Phénomène de l’heure à terminologie frappant l’imaginaire, c’est le moins qu’on puisse dire. Le quiet quitting, ce qui a été baptisé en français la « démission en douce » ou « démission silencieuse » ne fait pas référence à une démission telle qu’on la connait, mais plutôt à un refus d’en faire plus que le minimum requis.

Les deux dernières années ont précipité un réalignement de valeurs et de priorités pour la majorité d’entre nous, par la force des choses. Semble que l’humain avait besoin d’une bonne claque au visage pour faire un cours d’introspection accéléré à l’université de la vie.

Contrairement au phénomène de la grande démission dans lequel une vague sans précédent d’employés ont changé d’emploi et même parfois carrément réaligné leur carrière, la démission silencieuse est plutôt une force de rébellion douce… en poste.

Simplement dit, il s’agit de faire la base de ce qui est attendu de nous en échange du salaire offert. Ni plus, ni moins (pour ne pas se faire congédier non plus, tsé!).

Dans un monde dans lequel, naguère, le dépassement de soi professionnel était valorisé, force est d’avouer que c’est un changement de cap radical. L’image de l’employé.e qui ne compte pas ses heures au détriment de sa vie personnelle, de sa famille, de ses amis, de ses passions, et ce, pour escalader l’échelle corporative s’est manifestement ternie et ne semble plus aussi attirante.

Plusieurs gérants et gérantes d’estrade ont même la fâcheuse tendance à qualifier le phénomène de paresse, même si la réalité décortiquée ne pointe pas réellement dans ce sens.

Pourquoi? À cause?

(comme dirait mon collègue du Saguenay!)

À cause… de plusieurs affaires!

  • Accroissement de la sensibilisation à l’importance de la santé mentale

La santé mentale est un sujet de plus en plus abordé et normalisé. Les personnes quittent leur silence, se montrent ouvertes et vulnérables, créant ainsi un mouvement de société axé sur le bien-être. Plusieurs d’entre nous ont vécu ou côtoyé des personnes s’étant épuisées au travail, se donnant bien souvent beaucoup trop, au détriment d’eux-mêmes. Malheureusement, nous apprenons à connaitre nos limites… le jour où on les transgresse!
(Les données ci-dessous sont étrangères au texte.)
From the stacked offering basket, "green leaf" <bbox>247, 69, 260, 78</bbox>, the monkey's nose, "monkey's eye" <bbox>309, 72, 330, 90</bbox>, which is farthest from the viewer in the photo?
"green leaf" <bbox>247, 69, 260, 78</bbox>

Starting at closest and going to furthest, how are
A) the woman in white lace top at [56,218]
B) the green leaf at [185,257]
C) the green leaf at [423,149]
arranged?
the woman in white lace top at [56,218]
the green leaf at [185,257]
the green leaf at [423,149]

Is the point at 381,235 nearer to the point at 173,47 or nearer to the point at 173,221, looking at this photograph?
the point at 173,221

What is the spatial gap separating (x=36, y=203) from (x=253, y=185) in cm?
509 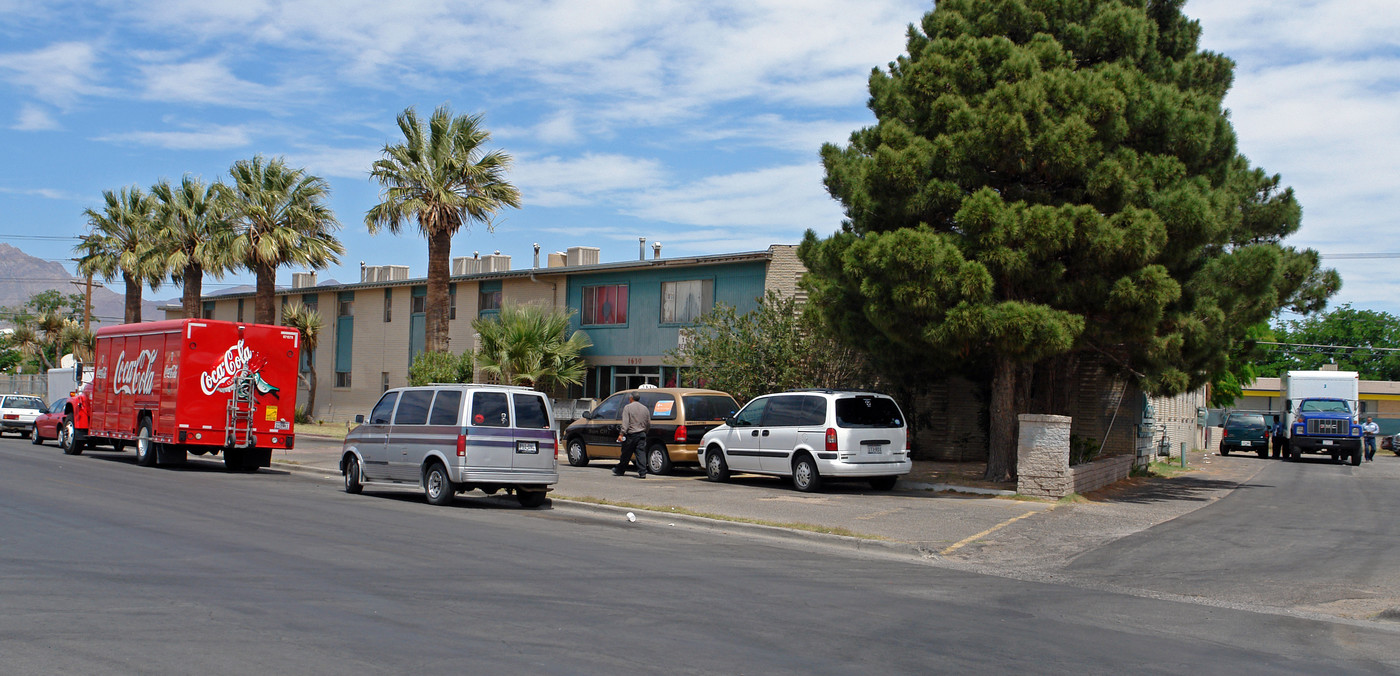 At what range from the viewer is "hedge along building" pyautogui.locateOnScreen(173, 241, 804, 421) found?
31062mm

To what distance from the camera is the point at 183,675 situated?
569cm

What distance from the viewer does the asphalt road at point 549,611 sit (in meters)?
6.34

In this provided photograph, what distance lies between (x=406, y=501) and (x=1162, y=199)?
12.3 metres

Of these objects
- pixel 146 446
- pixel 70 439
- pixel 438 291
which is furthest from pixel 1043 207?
pixel 70 439

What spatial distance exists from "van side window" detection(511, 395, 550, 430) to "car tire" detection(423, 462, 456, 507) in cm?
126

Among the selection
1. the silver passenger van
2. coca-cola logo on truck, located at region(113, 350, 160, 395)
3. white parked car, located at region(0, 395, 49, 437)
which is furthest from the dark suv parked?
white parked car, located at region(0, 395, 49, 437)

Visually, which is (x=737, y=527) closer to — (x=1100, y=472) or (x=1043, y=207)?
(x=1043, y=207)

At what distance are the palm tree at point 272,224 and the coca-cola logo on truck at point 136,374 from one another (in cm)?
1404

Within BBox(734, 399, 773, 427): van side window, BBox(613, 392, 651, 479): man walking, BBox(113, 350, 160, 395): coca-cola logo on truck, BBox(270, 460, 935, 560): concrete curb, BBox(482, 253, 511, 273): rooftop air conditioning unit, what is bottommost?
BBox(270, 460, 935, 560): concrete curb

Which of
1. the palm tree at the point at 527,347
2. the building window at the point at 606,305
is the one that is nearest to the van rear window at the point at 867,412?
the palm tree at the point at 527,347

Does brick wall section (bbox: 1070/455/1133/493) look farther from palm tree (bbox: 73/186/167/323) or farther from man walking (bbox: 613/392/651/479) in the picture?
palm tree (bbox: 73/186/167/323)

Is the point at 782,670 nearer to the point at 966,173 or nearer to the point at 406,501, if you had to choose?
the point at 406,501

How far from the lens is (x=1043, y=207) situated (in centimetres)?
1641

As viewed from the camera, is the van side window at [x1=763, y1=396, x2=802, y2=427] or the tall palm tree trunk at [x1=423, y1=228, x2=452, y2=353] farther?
the tall palm tree trunk at [x1=423, y1=228, x2=452, y2=353]
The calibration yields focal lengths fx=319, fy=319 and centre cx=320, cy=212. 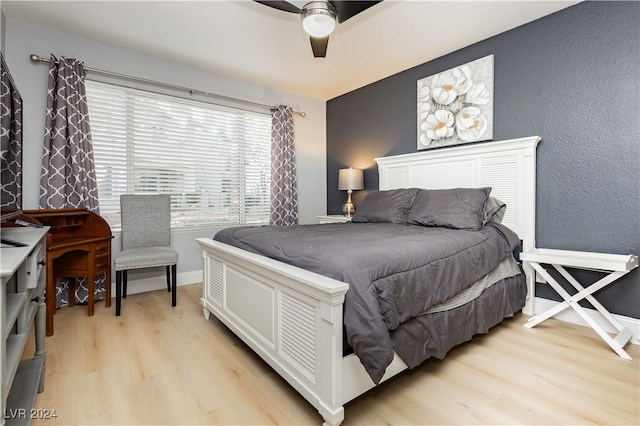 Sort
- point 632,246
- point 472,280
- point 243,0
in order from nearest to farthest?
point 472,280, point 632,246, point 243,0

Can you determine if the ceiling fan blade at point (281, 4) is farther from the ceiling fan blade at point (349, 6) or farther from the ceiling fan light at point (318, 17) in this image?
the ceiling fan blade at point (349, 6)

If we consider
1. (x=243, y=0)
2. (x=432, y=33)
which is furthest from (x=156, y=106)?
(x=432, y=33)

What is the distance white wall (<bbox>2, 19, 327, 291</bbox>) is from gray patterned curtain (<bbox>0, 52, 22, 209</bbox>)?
29 centimetres

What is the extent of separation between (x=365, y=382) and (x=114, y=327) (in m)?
2.01

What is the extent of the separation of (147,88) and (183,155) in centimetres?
75

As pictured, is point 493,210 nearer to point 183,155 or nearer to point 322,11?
point 322,11

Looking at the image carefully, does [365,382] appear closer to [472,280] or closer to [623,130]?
[472,280]

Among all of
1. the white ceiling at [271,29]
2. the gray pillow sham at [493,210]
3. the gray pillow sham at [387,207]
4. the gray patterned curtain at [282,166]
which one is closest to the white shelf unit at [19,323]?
the white ceiling at [271,29]

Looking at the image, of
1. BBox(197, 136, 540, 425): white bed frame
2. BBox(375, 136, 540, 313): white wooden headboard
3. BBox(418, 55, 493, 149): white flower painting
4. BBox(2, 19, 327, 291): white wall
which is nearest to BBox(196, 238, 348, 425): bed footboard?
BBox(197, 136, 540, 425): white bed frame

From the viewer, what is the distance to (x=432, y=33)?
2867 mm

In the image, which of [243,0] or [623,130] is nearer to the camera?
[623,130]

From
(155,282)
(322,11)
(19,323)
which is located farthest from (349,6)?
(155,282)

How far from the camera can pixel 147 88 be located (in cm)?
332

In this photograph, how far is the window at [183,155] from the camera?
3143mm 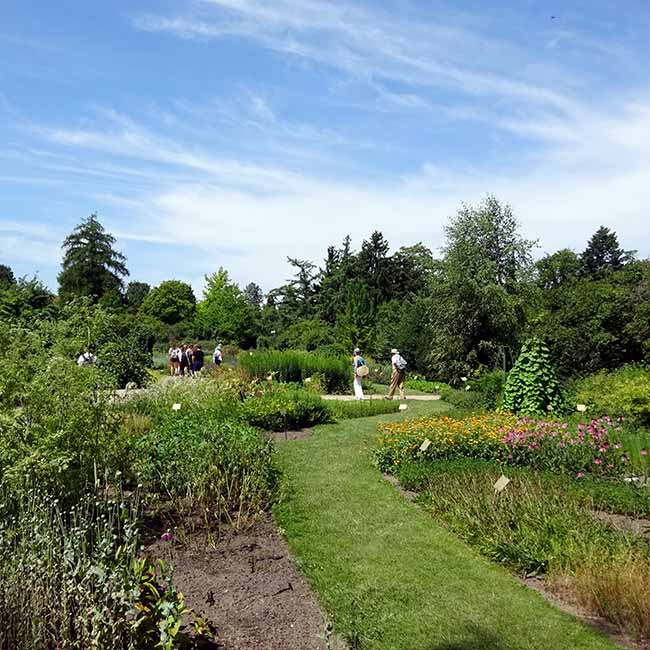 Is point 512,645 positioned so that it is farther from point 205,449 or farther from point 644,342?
point 644,342

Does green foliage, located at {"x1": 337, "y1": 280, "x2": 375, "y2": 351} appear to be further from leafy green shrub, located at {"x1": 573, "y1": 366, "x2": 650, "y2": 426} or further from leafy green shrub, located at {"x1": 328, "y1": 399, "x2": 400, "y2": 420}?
leafy green shrub, located at {"x1": 573, "y1": 366, "x2": 650, "y2": 426}

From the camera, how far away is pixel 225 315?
46.7 metres

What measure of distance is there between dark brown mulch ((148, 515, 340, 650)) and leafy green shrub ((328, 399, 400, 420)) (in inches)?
313

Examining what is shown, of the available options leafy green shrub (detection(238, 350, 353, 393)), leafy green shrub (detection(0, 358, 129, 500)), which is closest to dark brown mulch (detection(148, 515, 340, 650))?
leafy green shrub (detection(0, 358, 129, 500))

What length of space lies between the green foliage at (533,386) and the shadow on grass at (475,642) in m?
7.63

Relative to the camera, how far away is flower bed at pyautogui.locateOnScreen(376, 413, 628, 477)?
7746mm

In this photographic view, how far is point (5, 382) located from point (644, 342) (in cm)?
1813

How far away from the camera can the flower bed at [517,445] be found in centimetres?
775

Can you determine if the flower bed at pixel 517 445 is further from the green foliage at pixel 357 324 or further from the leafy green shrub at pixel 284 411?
the green foliage at pixel 357 324

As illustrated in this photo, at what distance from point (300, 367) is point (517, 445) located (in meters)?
10.9

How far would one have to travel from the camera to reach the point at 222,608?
4027 millimetres

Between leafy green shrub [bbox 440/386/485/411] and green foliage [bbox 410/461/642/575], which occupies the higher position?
leafy green shrub [bbox 440/386/485/411]

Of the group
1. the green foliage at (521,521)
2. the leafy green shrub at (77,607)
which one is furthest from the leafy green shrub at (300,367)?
the leafy green shrub at (77,607)

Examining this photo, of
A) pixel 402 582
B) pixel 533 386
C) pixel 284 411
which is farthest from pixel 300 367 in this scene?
pixel 402 582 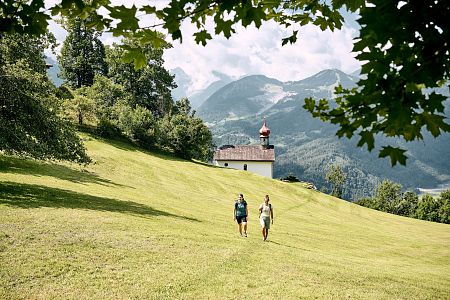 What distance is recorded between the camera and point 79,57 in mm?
85750

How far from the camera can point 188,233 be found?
1967 cm

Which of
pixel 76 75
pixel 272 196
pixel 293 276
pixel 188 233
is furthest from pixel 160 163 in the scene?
pixel 76 75

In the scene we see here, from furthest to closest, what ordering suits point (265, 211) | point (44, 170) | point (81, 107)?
point (81, 107)
point (44, 170)
point (265, 211)

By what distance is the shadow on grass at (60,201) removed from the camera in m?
20.0

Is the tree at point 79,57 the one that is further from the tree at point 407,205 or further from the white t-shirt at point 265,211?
the tree at point 407,205

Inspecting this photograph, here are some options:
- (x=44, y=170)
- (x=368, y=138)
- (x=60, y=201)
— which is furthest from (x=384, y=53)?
(x=44, y=170)

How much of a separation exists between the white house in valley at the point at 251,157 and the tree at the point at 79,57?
4155cm

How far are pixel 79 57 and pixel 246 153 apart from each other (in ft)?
164

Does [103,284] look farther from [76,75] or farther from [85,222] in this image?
[76,75]

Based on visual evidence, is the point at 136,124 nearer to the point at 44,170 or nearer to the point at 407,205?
the point at 44,170

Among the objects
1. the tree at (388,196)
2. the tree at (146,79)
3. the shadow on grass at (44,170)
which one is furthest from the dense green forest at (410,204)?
the shadow on grass at (44,170)

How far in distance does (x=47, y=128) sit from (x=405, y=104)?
73.3ft

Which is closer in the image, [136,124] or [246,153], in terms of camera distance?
[136,124]

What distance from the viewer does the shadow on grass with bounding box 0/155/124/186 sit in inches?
1172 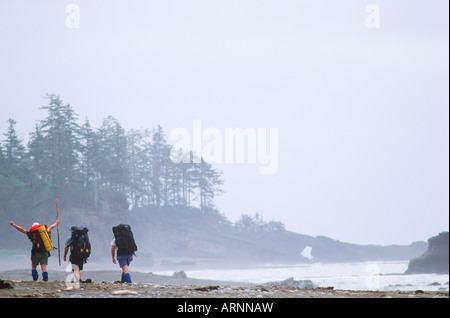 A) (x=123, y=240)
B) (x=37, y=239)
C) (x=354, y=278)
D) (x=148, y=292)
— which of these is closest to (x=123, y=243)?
(x=123, y=240)

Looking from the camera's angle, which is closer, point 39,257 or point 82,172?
point 39,257

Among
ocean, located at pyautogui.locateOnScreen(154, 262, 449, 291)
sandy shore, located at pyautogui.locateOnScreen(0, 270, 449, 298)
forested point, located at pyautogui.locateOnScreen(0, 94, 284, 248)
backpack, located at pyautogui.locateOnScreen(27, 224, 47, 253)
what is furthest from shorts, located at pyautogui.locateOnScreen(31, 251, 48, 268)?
forested point, located at pyautogui.locateOnScreen(0, 94, 284, 248)

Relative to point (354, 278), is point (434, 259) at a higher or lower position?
higher

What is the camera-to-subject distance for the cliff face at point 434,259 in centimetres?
10500

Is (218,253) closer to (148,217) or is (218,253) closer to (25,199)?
(148,217)

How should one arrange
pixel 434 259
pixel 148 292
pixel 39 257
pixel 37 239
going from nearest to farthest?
pixel 148 292 < pixel 37 239 < pixel 39 257 < pixel 434 259

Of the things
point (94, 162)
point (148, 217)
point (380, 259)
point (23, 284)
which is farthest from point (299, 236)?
point (23, 284)

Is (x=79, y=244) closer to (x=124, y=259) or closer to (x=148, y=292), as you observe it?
(x=124, y=259)

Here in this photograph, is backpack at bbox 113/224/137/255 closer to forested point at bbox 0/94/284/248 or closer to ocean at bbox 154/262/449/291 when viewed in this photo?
ocean at bbox 154/262/449/291

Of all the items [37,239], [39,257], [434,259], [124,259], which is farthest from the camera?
[434,259]

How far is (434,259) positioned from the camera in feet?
347

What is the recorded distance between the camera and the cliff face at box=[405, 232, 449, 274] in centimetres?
10500

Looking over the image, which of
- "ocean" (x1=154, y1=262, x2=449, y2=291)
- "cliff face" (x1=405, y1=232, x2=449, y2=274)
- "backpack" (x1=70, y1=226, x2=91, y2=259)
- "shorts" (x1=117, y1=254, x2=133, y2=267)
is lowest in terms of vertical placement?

  • Changement de valeurs générationnel

Contrairement à la croyance selon laquelle « les-jeunes-ne-veulent-pas-travailler », les « jeunes » veulent travailler… mais pas à n’importe quel prix. Et quand je dis « prix », je parle OUI du salaire, mais aussi d’un travail qui ne sera pas au prix de leur qualité de vie. Ils sont également plus conscients de leur valeur, la pénurie de main d’œuvre les positionnant désormais comme un avantage concurrentiel.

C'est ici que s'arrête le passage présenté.